Scraped caption text data
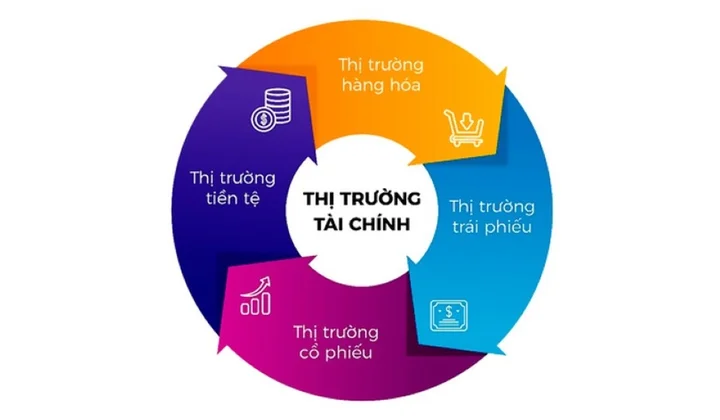 Eight key solution groups in the overall reform of Vietnam's financial market.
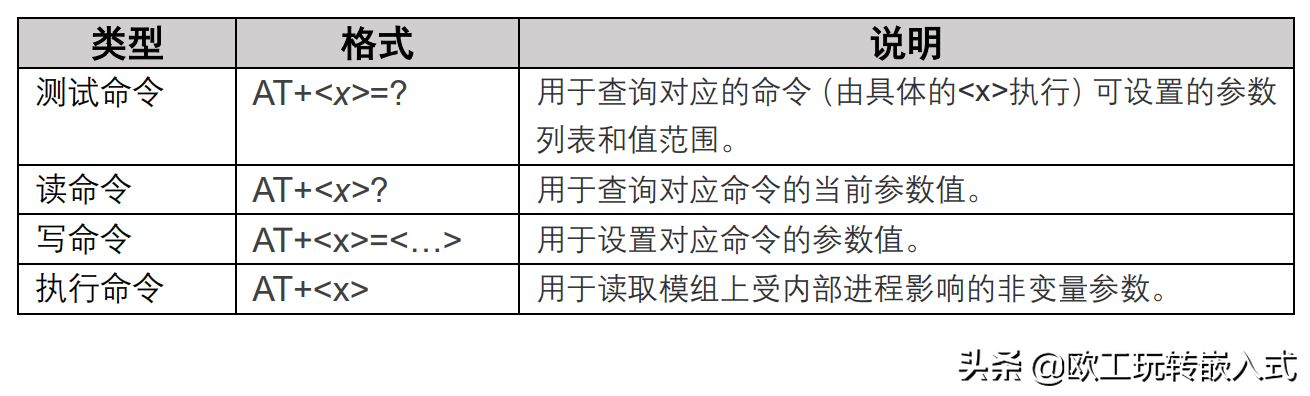 物联网从业者必须要会的AT指令介绍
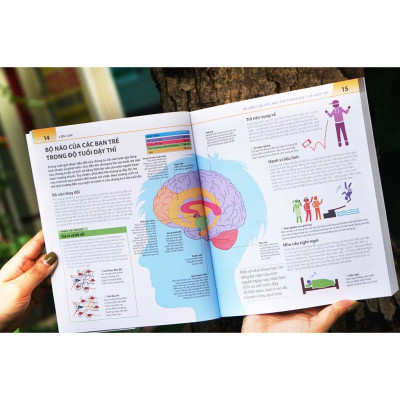 Sách Bách Khoa Thư Về Phát Triển Kỹ Năng - Tuổi Dậy Thì - Đinh Tị Books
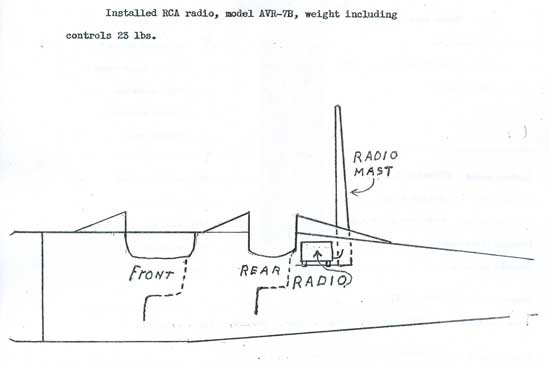 Radio Alteration, October 6, 1936 (Source: FAA via Pitcairn)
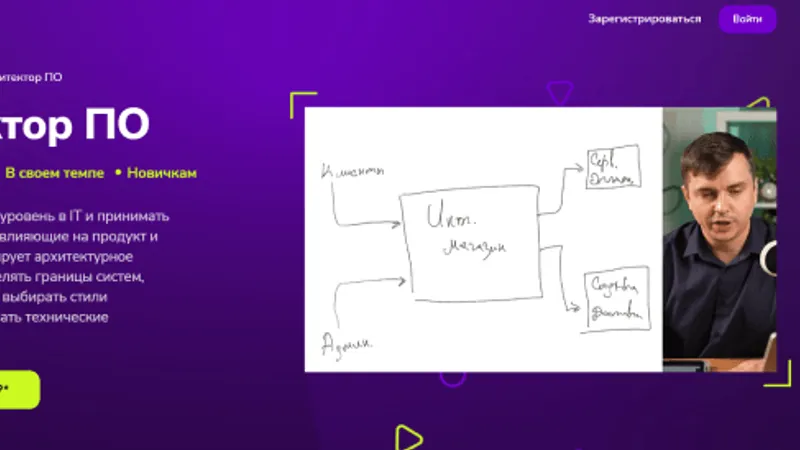 Архитектор ПО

## [Exercise]
The copy starts at the line holding "Radio Alteration, October" and ends at the last line of the records above. Transcribe those lines exactly, pictures excluded.

## [Result]
 Radio Alteration, October 6, 1936 (Source: FAA via Pitcairn)
 Архитектор ПО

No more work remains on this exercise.